2 min read
Fine-Tuning GPT Models: When and How to Customize
Fine-tuning adapts foundation models to your specific domain and style. While powerful, it is not always the right choice. Understanding when to fine-tune versus when to use prompting is crucial for efficient AI development.
When to Fine-Tune
Fine-tuning makes sense when you need consistent formatting, domain-specific terminology, or significant behavior changes that prompting cannot achieve reliably.
Preparing Training Data
import json
from typing import List, Dict
from dataclasses import dataclass
import tiktoken
@dataclass
class TrainingExample:
system: str
user: str
assistant: str
def prepare_training_file(examples: List[TrainingExample],
output_path: str) -> Dict[str, int]:
"""Prepare JSONL file for fine-tuning with validation."""
encoding = tiktoken.encoding_for_model("gpt-4o")

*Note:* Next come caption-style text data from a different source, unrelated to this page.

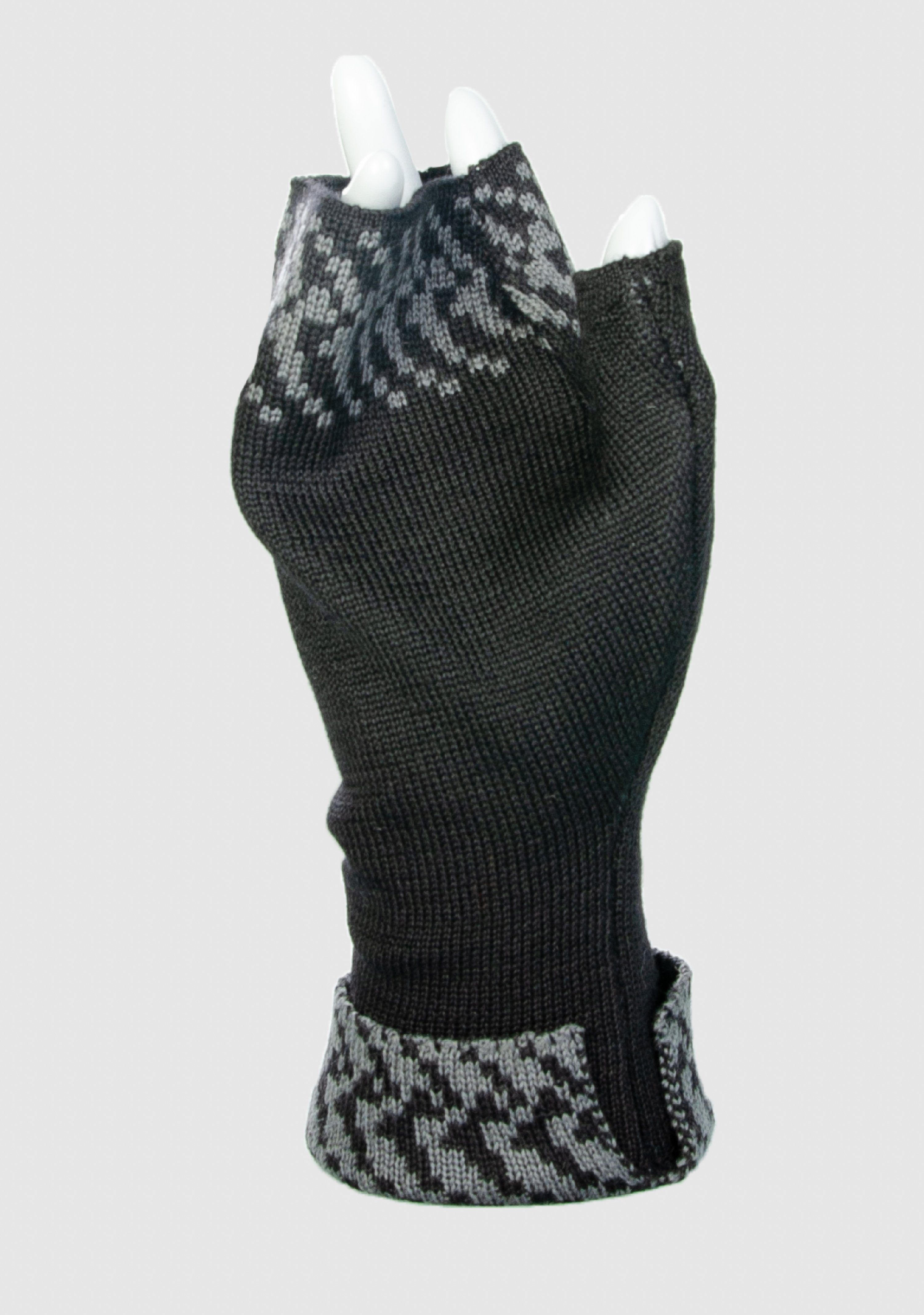 Handwärmer Pixel Merino aus fashion schwarz_graphit slow LANARTO Merino in Farben 100% vielen extrasoft Strickhandschuhe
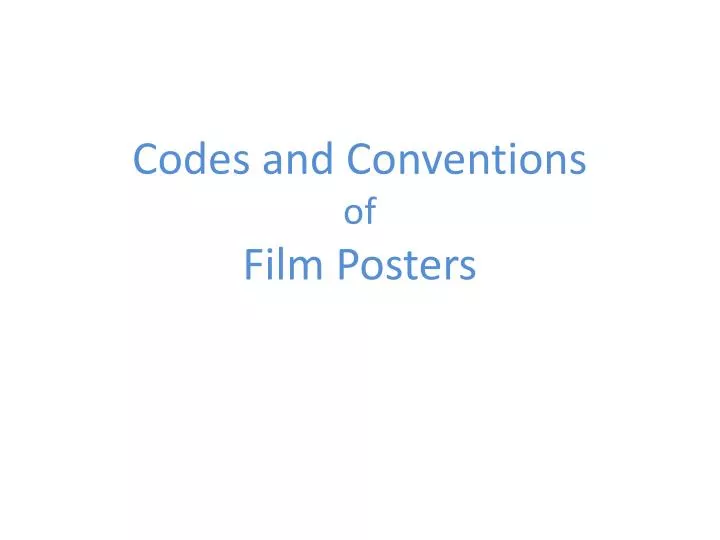 codes and conventions of film posters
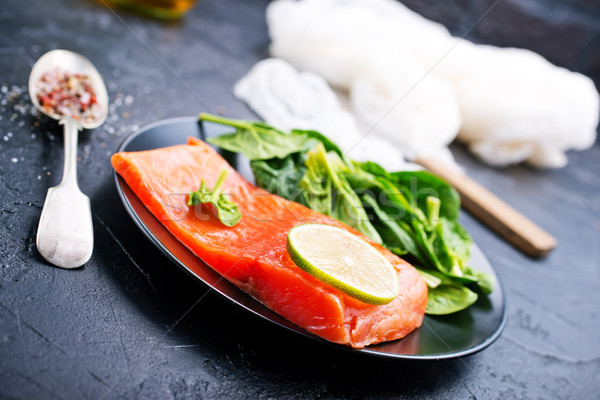 Сток-фото: лосося · лимона · свежие · шпинат · диета · продовольствие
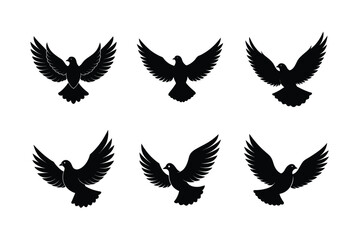 Flying Dove Silhouette Vector Set Peace Bird Clipart Bundle

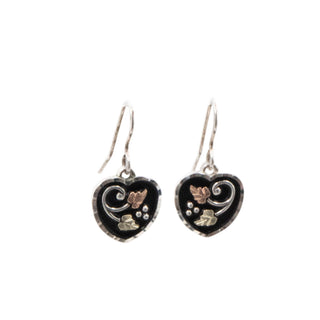 Black Hills Sterling Silver 0.75 Inch Antiqued Heart Dangle Earrings with 12K Gold Leaves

stats = {"total_examples": 0, "total_tokens": 0, "errors": []}
with open(output_path, 'w') as f:
for i, example in enumerate(examples):
# Validate example
if not example.user or not example.assistant:
stats["errors"].append(f"Example {i}: Missing required fields")
continue
message = {
"messages": [
{"role": "system", "content": example.system},
{"role": "user", "content": example.user},
{"role": "assistant", "content": example.assistant}
]
}
# Count tokens
text = json.dumps(message)
tokens = len(encoding.encode(text))
if tokens > 16000:
stats["errors"].append(f"Example {i}: Exceeds token limit ({tokens})")
continue
f.write(json.dumps(message) + '\n')
stats["total_examples"] += 1
stats["total_tokens"] += tokens
return stats
# Example usage
examples = [
TrainingExample(
system="You are a legal document analyst. Extract key terms precisely.",
user="Analyze this contract clause: 'The indemnifying party shall...'",
assistant="**Key Terms Extracted:**\n- Indemnifying Party: [Party A]\n- Obligation: Hold harmless..."
),
# Add hundreds more examples...
]
stats = prepare_training_file(examples, "training_data.jsonl")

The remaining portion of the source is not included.